Reproduce the listing below in full and without alteration, apart from its pictures.

- **SOURCE MATERIAL**:
+++++

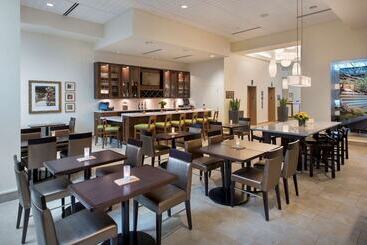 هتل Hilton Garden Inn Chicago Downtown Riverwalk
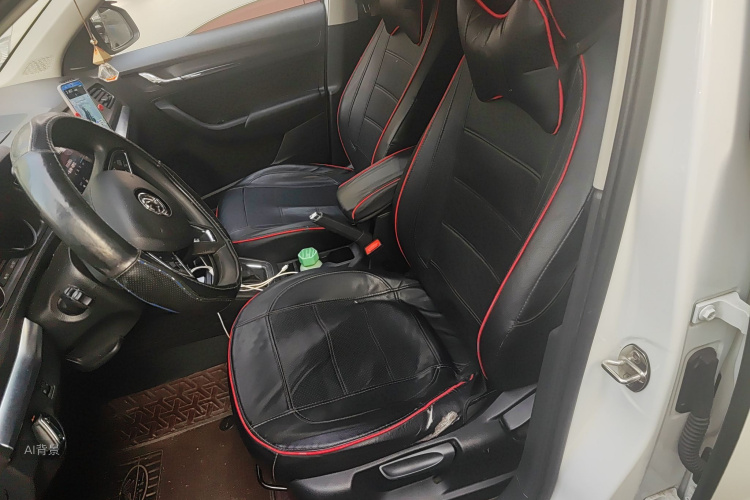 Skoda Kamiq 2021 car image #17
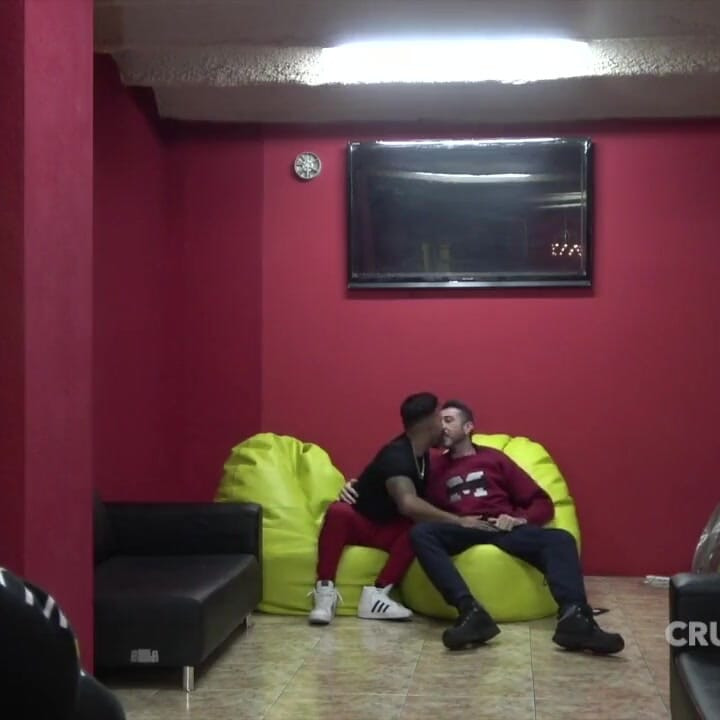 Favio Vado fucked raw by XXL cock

+++++

- **TASK SOLUTION**:
 هتل Hilton Garden Inn Chicago Downtown Riverwalk
 Skoda Kamiq 2021 car image #17
 Favio Vado fucked raw by XXL cock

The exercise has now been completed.